Princeton Battlefield State Park

Princeton Battlefield State Park held one of the fiercest battles of the American Revolution when American troops under General George Washington surprised and defeated a force of British Regulars on the morning of January 3, 1777.

American soldiers, pushed back by a strong British assault, were rallied by Washington who rode his horse between the British and American lines, leading his men to his first field victory over British troops. The Battle of Princeton capped 10 days of maneuvering and fighting, including three battles, which began with Washington’s famous December 25, 1776, crossing of the Delaware.

Hopewell Township played an important role in the rich history of the founding of our country. With the 250th anniversary upcoming, this investment is critical to making New Jersey, and Hopewell Township, a heritage tourism destination,” said Mayor Courtney Mayor Peters-Manning.

The Craig House, quartered as a hospital for British troops during the Battle of Monmouth.

On a blistering hot day on June 28, 1778, the land that is now Monmouth Battlefield State Park was the site of one of the longest battles of the American Revolutionary War. Here at Monmouth, Washington restored a reputation battered by defeats in 1777.

In the day-long battle in the hills, wood lots, farm fields, and meadows, the main Continental Army, retrained at Valley Forge, repulsed attacks by the main British Army.  By the end, over 600 men were dead, dying, or wounded, and the Continental Army held the field.

Crossroads of the American Revolution National Heritage Area is grateful for public funding for these key visitor readiness projects at sites which will serve as the initial core for Revolutionary War heritage tourism. This historic investment is only the first step in raising New Jersey’s profile as the acknowledged Crossroads of the American Revolution. As the fundraising arm of RevolutionNJ, Crossroads will be working to secure the participation of private donors to build on this crucial investment - to bring vital economic activity to our local communities by supporting and sustaining heritage tourism in New Jersey for the 250th anniversary and beyond,” said Carrie Fellows, Executive Director, Crossroads of the American Revolution Association.

The Proprietary House.

Over the years, the Proprietary House has served as a residence to New Jersey's last Royal Governor, a stylish hotel, a private mansion, a retirement home, a boarding house, and now as office space and a museum. 

Yet one of its most telling periods is when it served as the residence of New Jersey’s Royal Governor William Franklin, the illegitimate son of Benjamin Franklin. As Governor, he ran lotteries to fund roads and bridges, introduced an assistance program for farmers, and helped found Queens College, now Rutgers University.
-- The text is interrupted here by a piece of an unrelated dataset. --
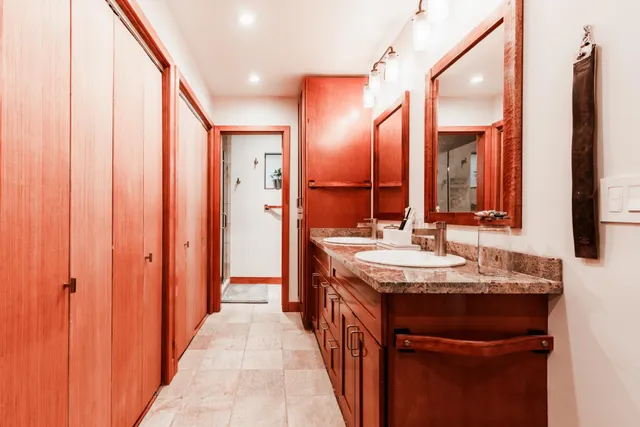 a bedroom with a bed and tv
His loyalist leanings caused a rift between him and his father that was never reconciled.

Boxwood Hall, home to Elias Boudinot, President of the Continental Congress

Built for gracious living in about 1750, Boxwood Hall
was home to Elias Boudinot, President of the Continental Congress that ratified the Treaty of Paris, and Jonathan Dayton, the youngest signer of the United States Constitution.

Visitors included General George Washington, Alexander Hamilton, the Marquis de Lafayette, and Aaron Burr. Boxwood Hall was also home to Samuel and Elizabeth Woodruff, Hannah Boudinot, Susan Dayton, and their staff, both free and enslaved.

The Berrien Home, known as Rockingham

As the Revolutionary War came to a close with the signing of the Treaty of Paris in later 1783, General George Washington headquartered at the Berrien Home, known as Rockingham, while Congress met in nearby Princeton.

At Rockingham Washington wrote his “Farewell Orders to the Armies,” in which he expressed his deep admiration and appreciation of the Continental Army, acknowledging their accomplishments and many hardships and, most importantly, turned aside from the great power he had been given as commander in chief, allowing the newly minted United States to develop as a democracy.